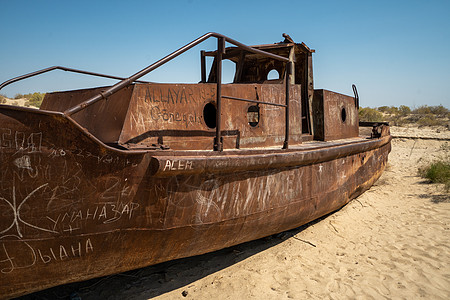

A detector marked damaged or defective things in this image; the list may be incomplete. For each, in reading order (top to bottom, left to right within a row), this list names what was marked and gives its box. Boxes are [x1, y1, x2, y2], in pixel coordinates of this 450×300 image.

rusty shipwreck [0, 32, 388, 298]
rusted metal surface [0, 32, 390, 298]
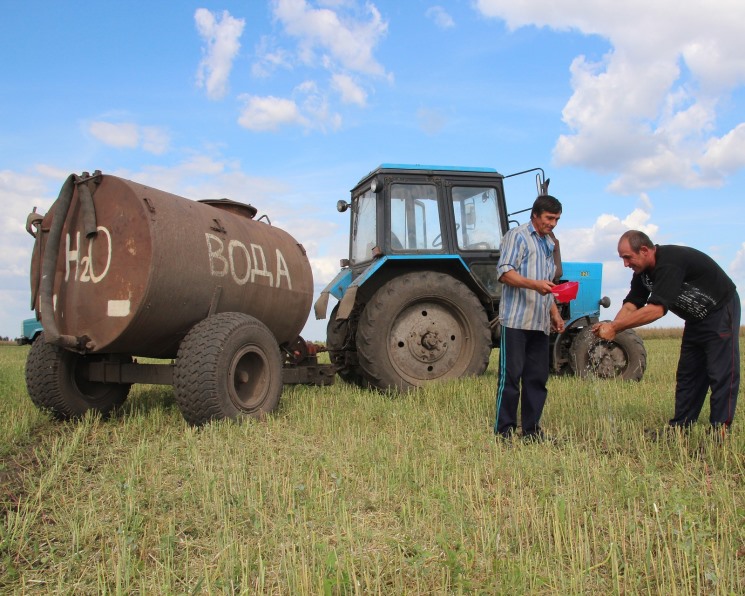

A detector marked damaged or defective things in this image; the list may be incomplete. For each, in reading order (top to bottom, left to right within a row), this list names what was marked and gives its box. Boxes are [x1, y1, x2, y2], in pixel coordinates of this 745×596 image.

rusty metal tank [28, 172, 314, 358]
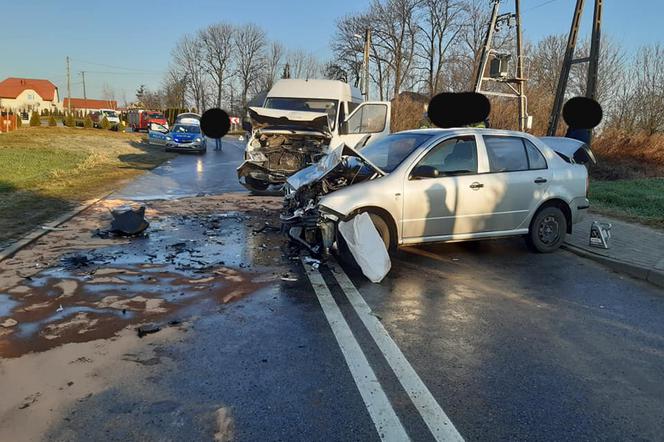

* Requirement
The output must match, line for line, the span from the line containing "this 745×596 image." through the end of the data, with the pictures removed.

* Answer to this task
A detector marked damaged or defective things in this image; the list may be incomplete. For each, in reading order (top to bottom, left to right within a row), this list names what was marked and gives its box. Boxes are [x1, y1, x2, y2], in pixel coordinates of this 745×596 image.

rusty metal tank [28, 172, 314, 358]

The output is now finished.